### TASK OBJECTIVE:
Please transcribe exactly the lines from the first line of the records below through the line containing "kwmobile 2x armband", including both, and omit all pictures.

───── RECORDS FOR THIS TASK ─────

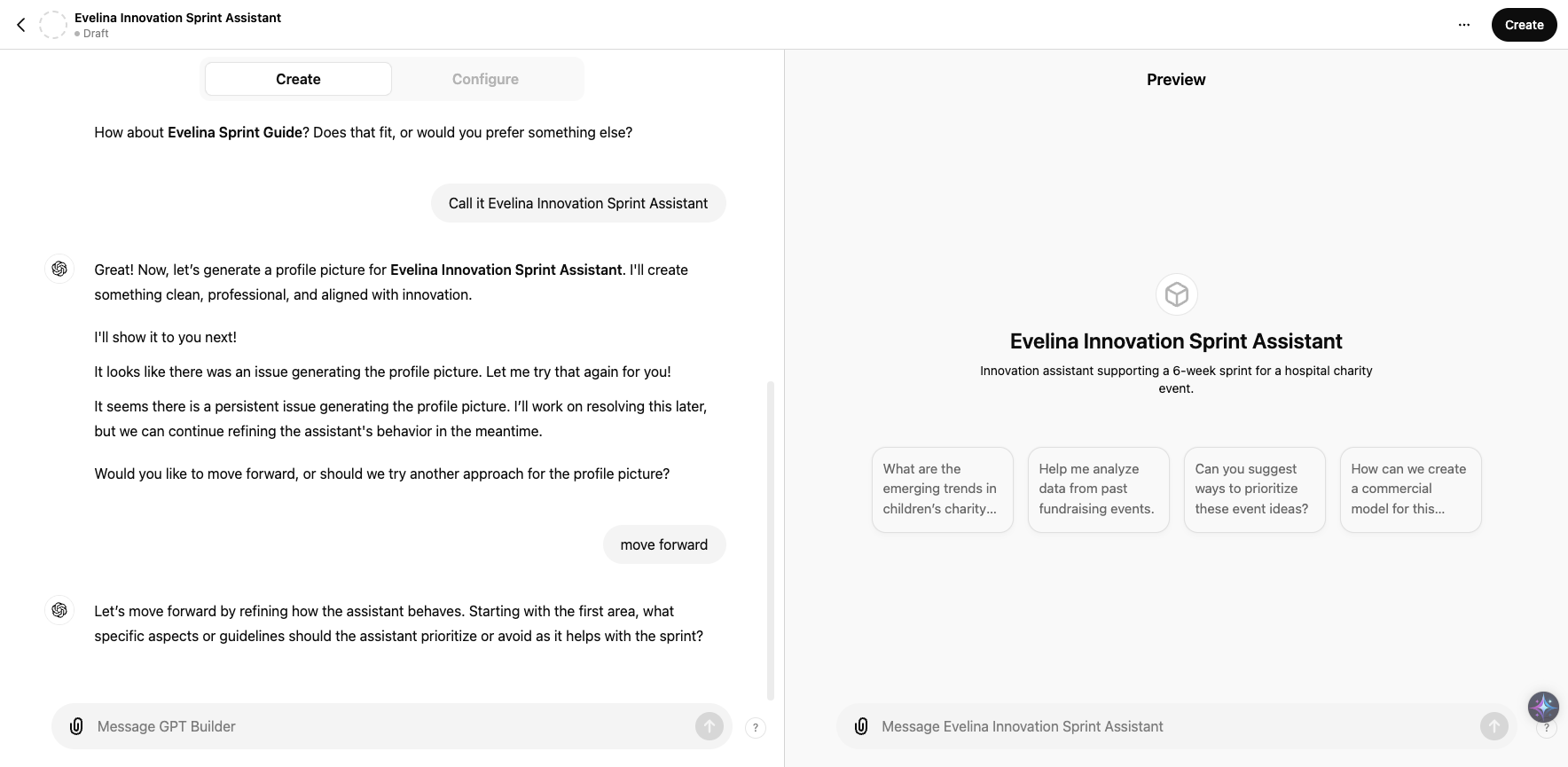 Step #12: Now it will ask you to help refine how your new CustomGPT behaves. You'll generally be asked a couple of questions about this. 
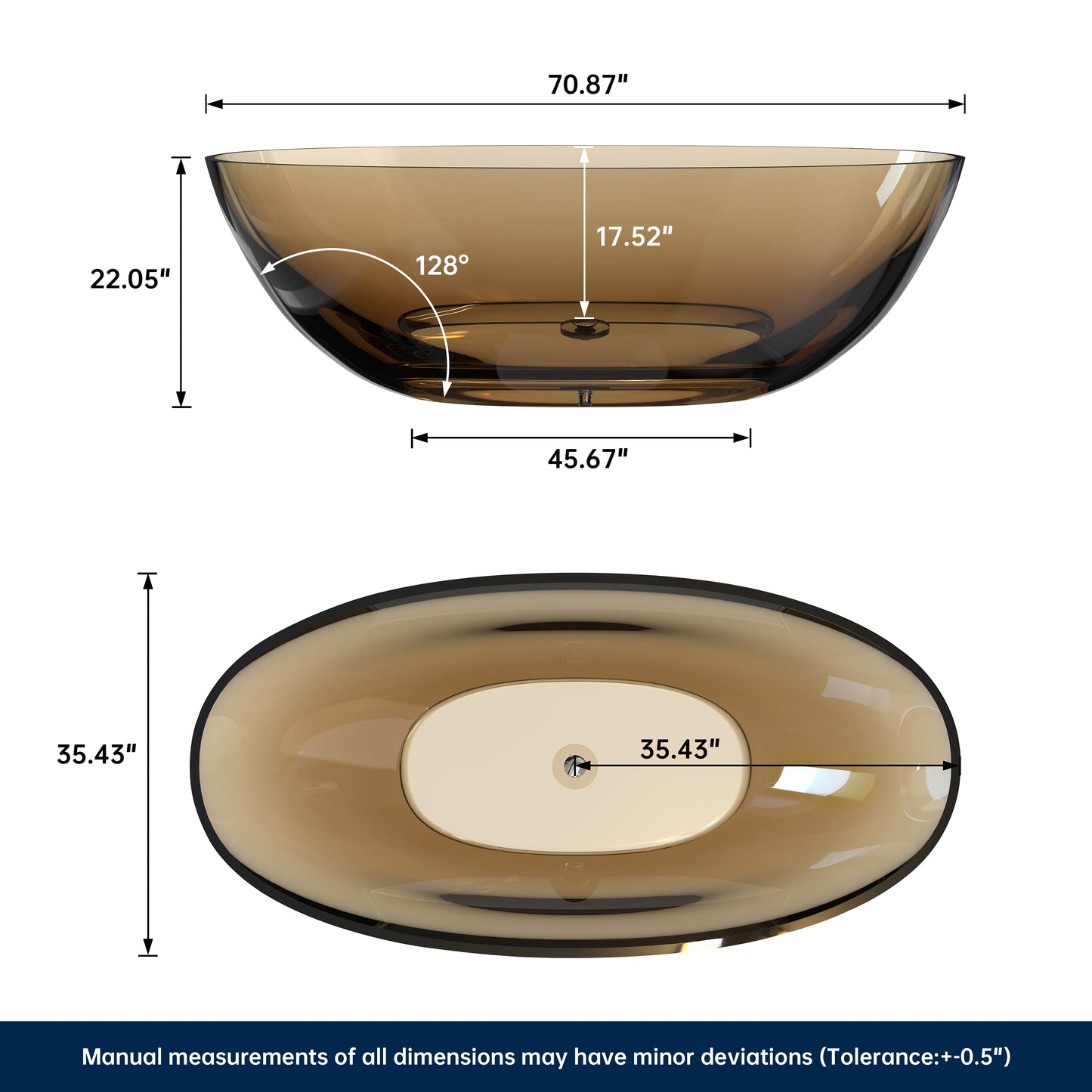 Medunjess 71" Freestanding Soaking Bahtutb Solid Surface Stone Resin Soaking Bathtub,Sepia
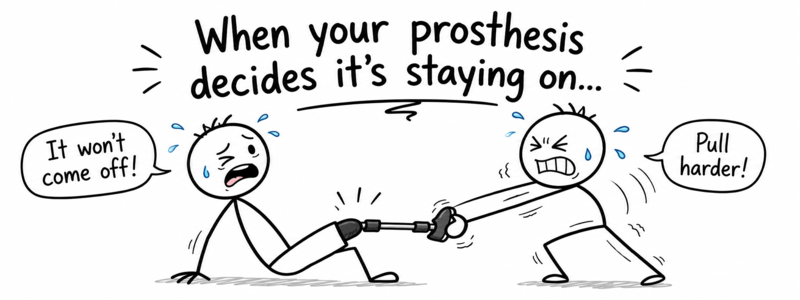What happens when your prosthesis won’t come off?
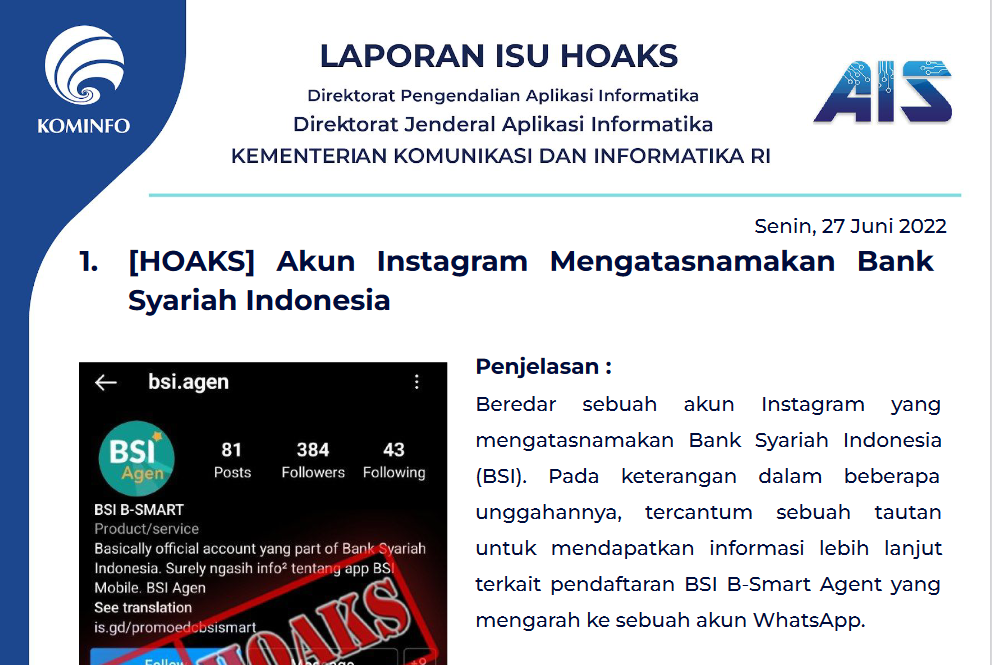 Isu Hoaks 27 Juni 2022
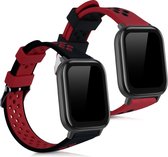 kwmobile 2x armband voor Huami Amazfit GTS / GTS 2 / GTS 2e / GTS 3 - Bandjes voor fitnesstracker in zwart / rood / rood / zwart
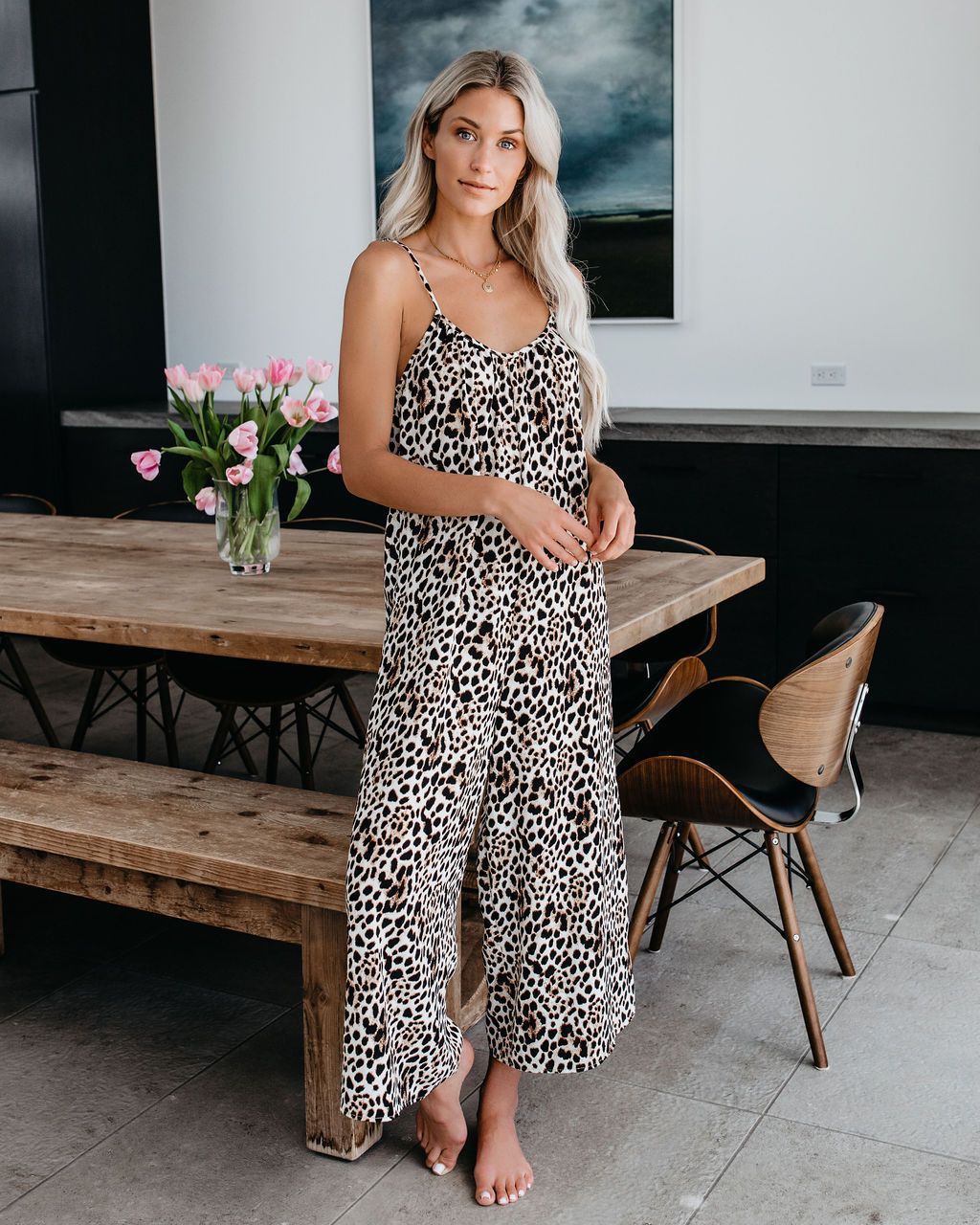 Leopard Tie Dye Printed Cami Jumpsuit #127978 sold by Goodnight Macaroon product image thumbnail 8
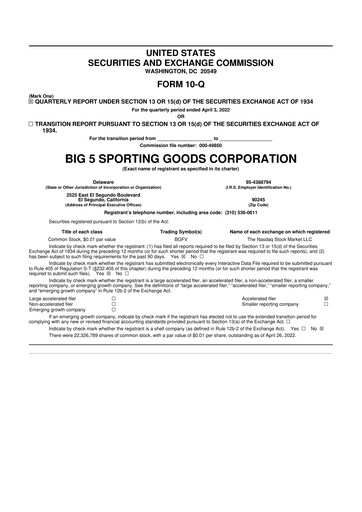 Thumbnail Big 5 Sporting Goods 10-Q Quarterly Report FY2022 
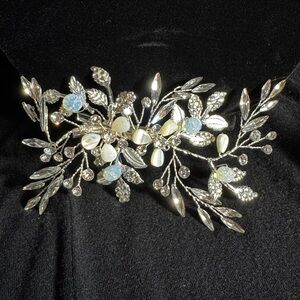 NWT SWEETV Rhinestone Opal Color Milk Glass Crystal Hair Clip Bridal Wedding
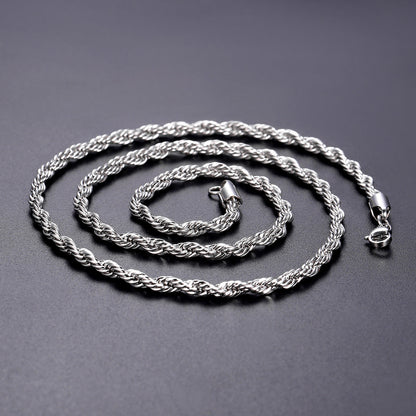 6mm Twisted Rope Link Chain & Rope Bracelet Bundle Set for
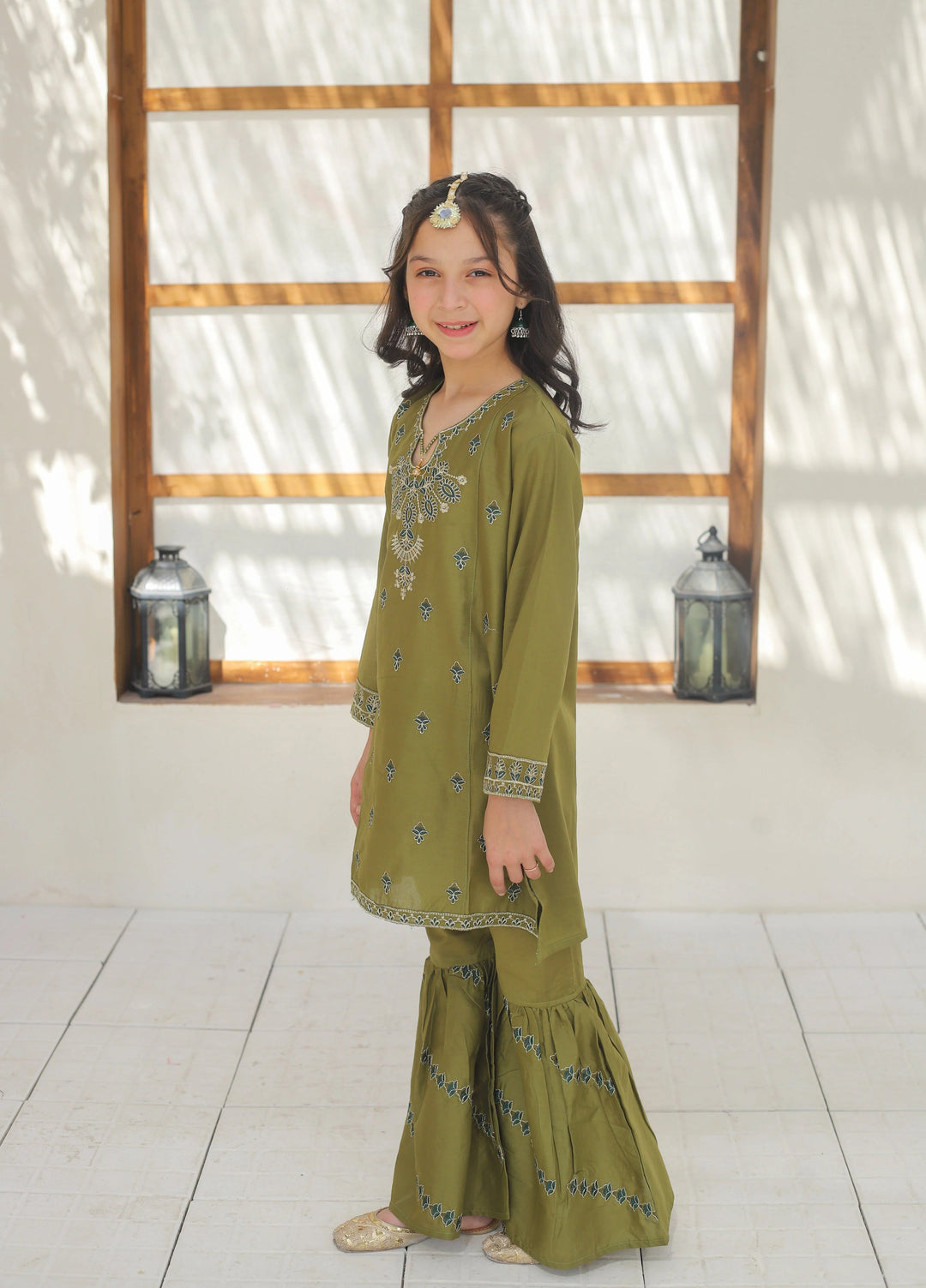 Khanak Girls RTW Embroidered Cotton 2 Piece Suit KST-146 - Casual Collection
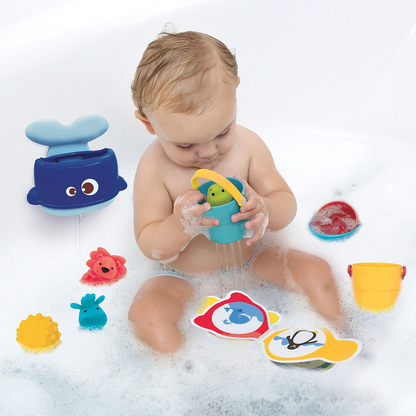LUDI ensemble de jouets de bain 9 pièces + boîte avec poignée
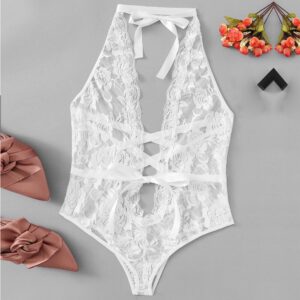 G-string porno Women Sexy Lingerie Girl Low Back Cross Floral Lace Sleepwear Babydoll Erotic cosplay costume lingerie porno
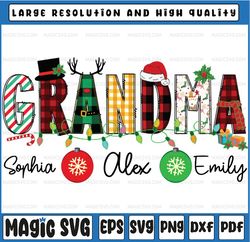 personalized names  grandma  holiday png, grandma christmas, grandkids png, grandma's favorite ornaments kids png christ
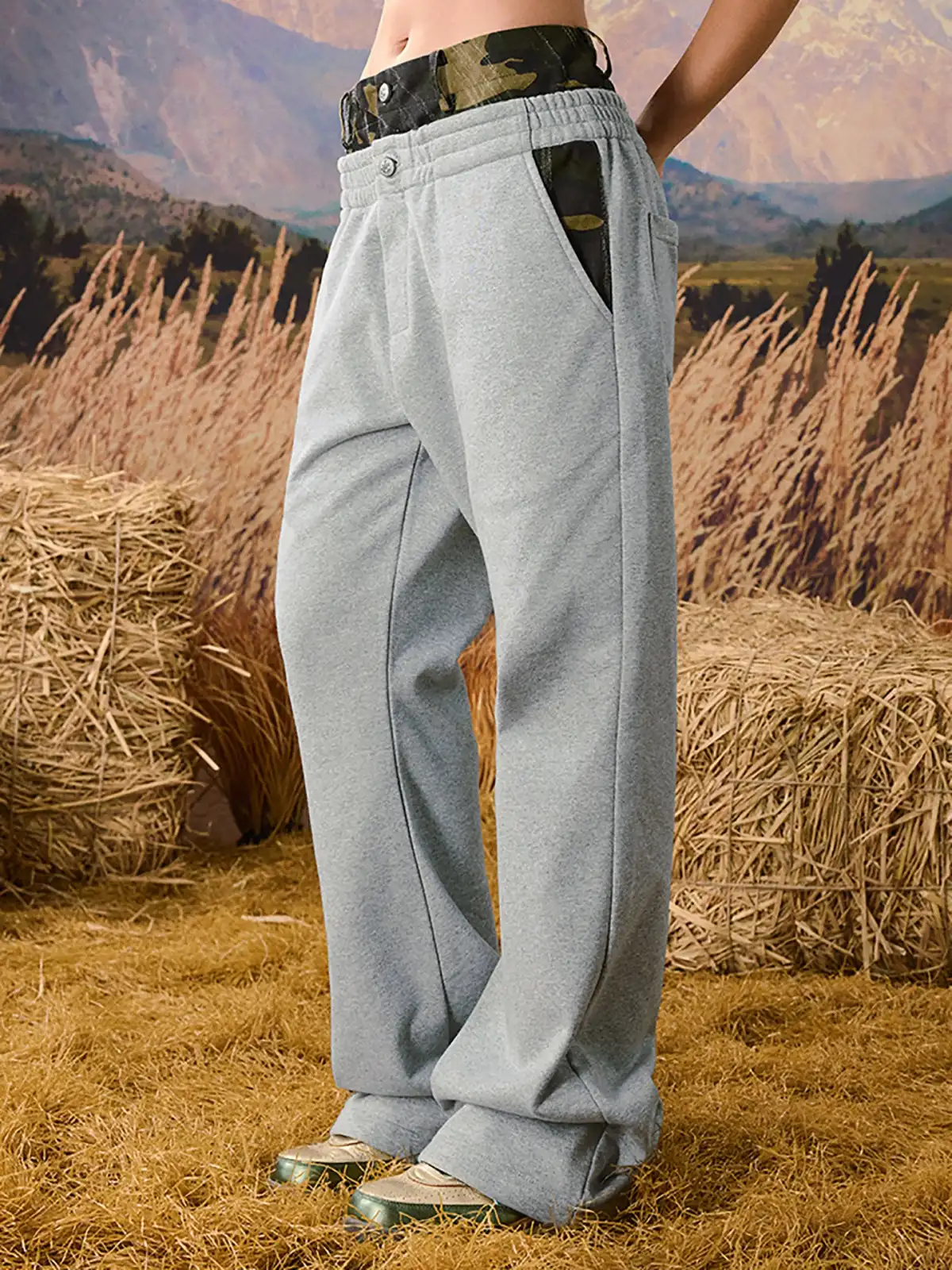 YADcrew | Camouflage Tree Pattern Flared Sweatpants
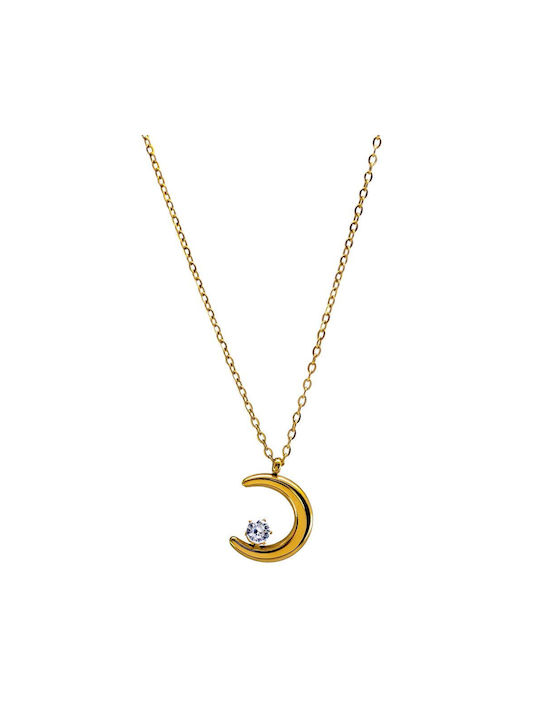 Chain Necklace Steel Gold Moon Zircon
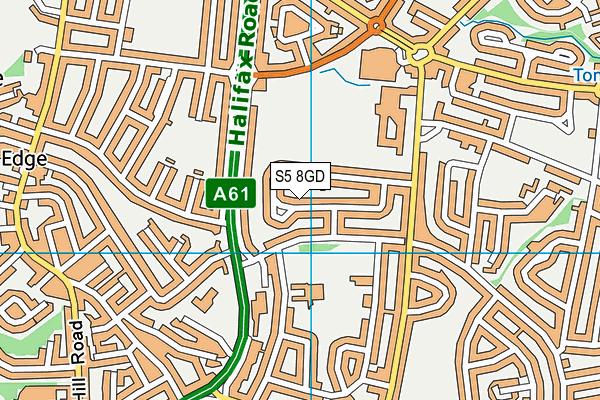 S5 8GD map - OS VectorMap District (Ordnance Survey)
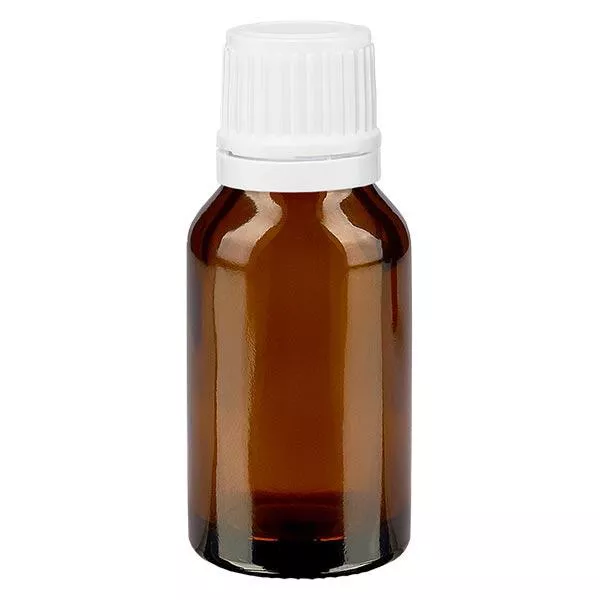 Frasco de farmácia castanho 30ml tampa conta-gotas 1.2mm branco fecho inviolável
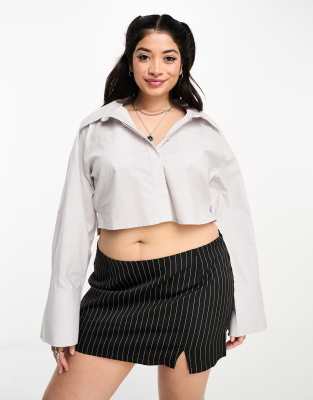 Extro & Vert Plus Extro & Vert Plus cropped shirt with wide sleeves in stone grey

─────

### SOLUTION:
 Step #12: Now it will ask you to help refine how your new CustomGPT behaves. You'll generally be asked a couple of questions about this. 
 Medunjess 71" Freestanding Soaking Bahtutb Solid Surface Stone Resin Soaking Bathtub,Sepia
What happens when your prosthesis won’t come off?
 Isu Hoaks 27 Juni 2022
 kwmobile 2x armband voor Huami Amazfit GTS / GTS 2 / GTS 2e / GTS 3 - Bandjes voor fitnesstracker in zwart / rood / rood / zwart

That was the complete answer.